А имя, если повторять его про себя долго, начинало казаться неуловимо знакомым. Где же он мог слышать его раньше? Влекомое бесконечным потоком сплетен и баек, оно некогда зацепило его чем-то и осело на самое дно памяти. А сверху уже нанесло толстый слой ила: названия, факты, слухи, цифры – все эти бесполезные сведения о жизни других людей, которые Гомер с таким любопытством слушал и так усердно старался запомнить.
Хантер… Может быть, рецидивист, за голову которого Ганза объявила награду? Старик бросил пробный камень в омут своего склероза и прислушался. Нет, мимо. Сталкер? Не похоже. Полевой командир? Ближе. И, вроде бы, даже легендарный…
Гомер еще раз исподтишка глянул на бесстрастное, будто парализованное лицо бригадира. Его собачье имя ему все же удивительно шло.
– Мне нужна тройка. Возьму Гомера, он знает здешние туннели, – не оборачиваясь к старику и не спрашивая его согласия, продолжал бригадир. – Еще одного можете дать по своему усмотрению. Ходока, курьера. Пойду сегодня же.
Истомин суетливо дернул головой, одобряя, потом, опомнившись, вопросительно поднял глаза на полковника. Тот, насупленный, тоже буркнул, что не имеет ничего против, хоть все эти дни и сражался так отчаянно с начальником станции за каждого свободного бойца.
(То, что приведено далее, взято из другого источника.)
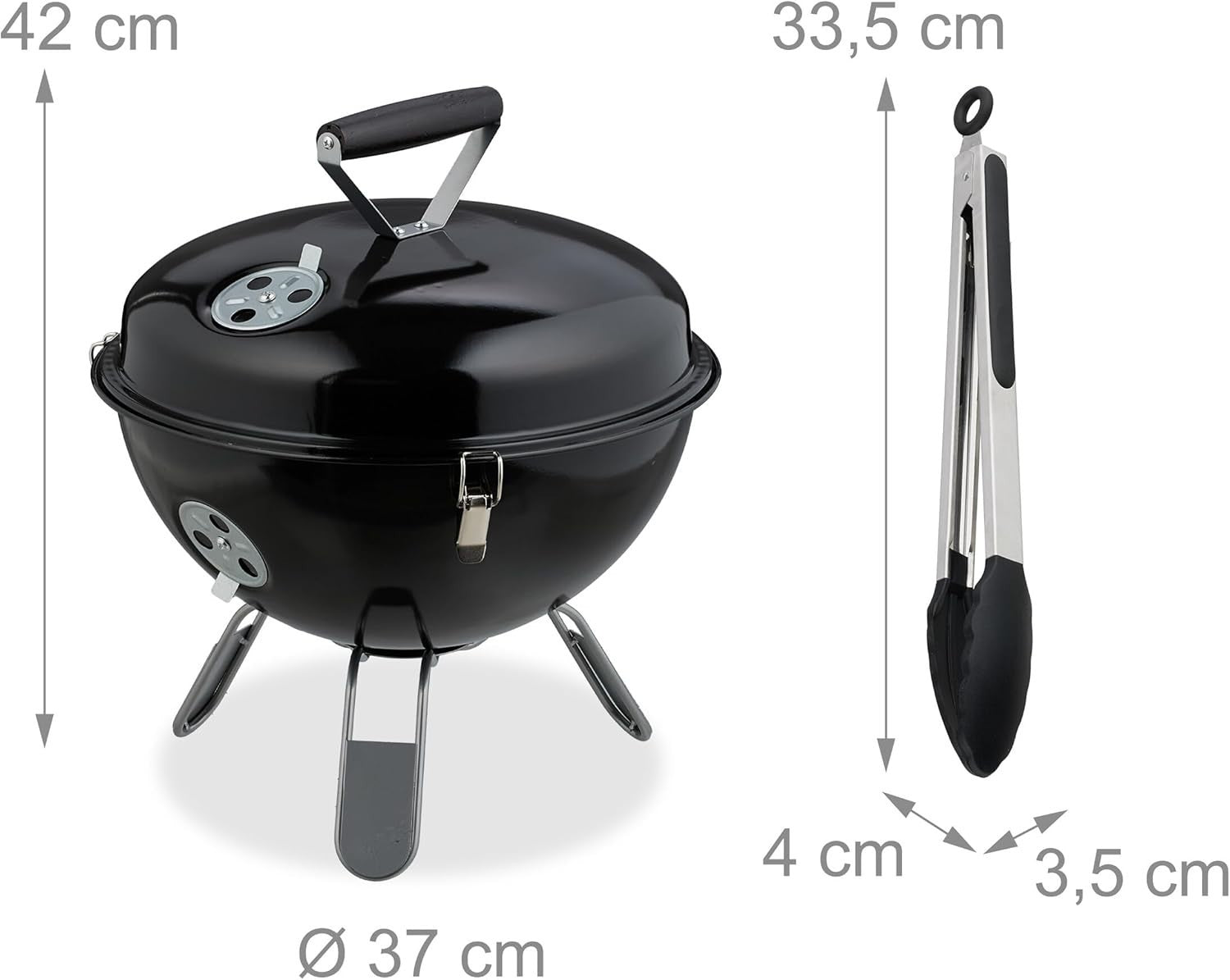 Portable Charcoal Kettle BBQ Grill 37cm with Lid & Tongs – Garden Camping Picnic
С Гомером советоваться, похоже, никто не собирался, но он и не думал спорить: несмотря на свой возраст, старик никогда еще не отказывался от подобных заданий. И на это у него были свои причины.
Бригадир оторвал от стола свой пудовый шлем и двинулся к выходу. Задержавшись на миг в дверях, бросил Гомеру:
– С семьей попрощайся. Собирайся надолго. Патронов не бери, я выдам, – и канул в проеме.
Старик подался, было, за ним, надеясь хотя бы в общих словах услышать, к чему предстоит готовиться в этом походе. Но когда он показался на платформе, Хантер был уже в десятке своих широких шагов, и догонять его Гомер не стал, а только покачал головой, провожая взглядом.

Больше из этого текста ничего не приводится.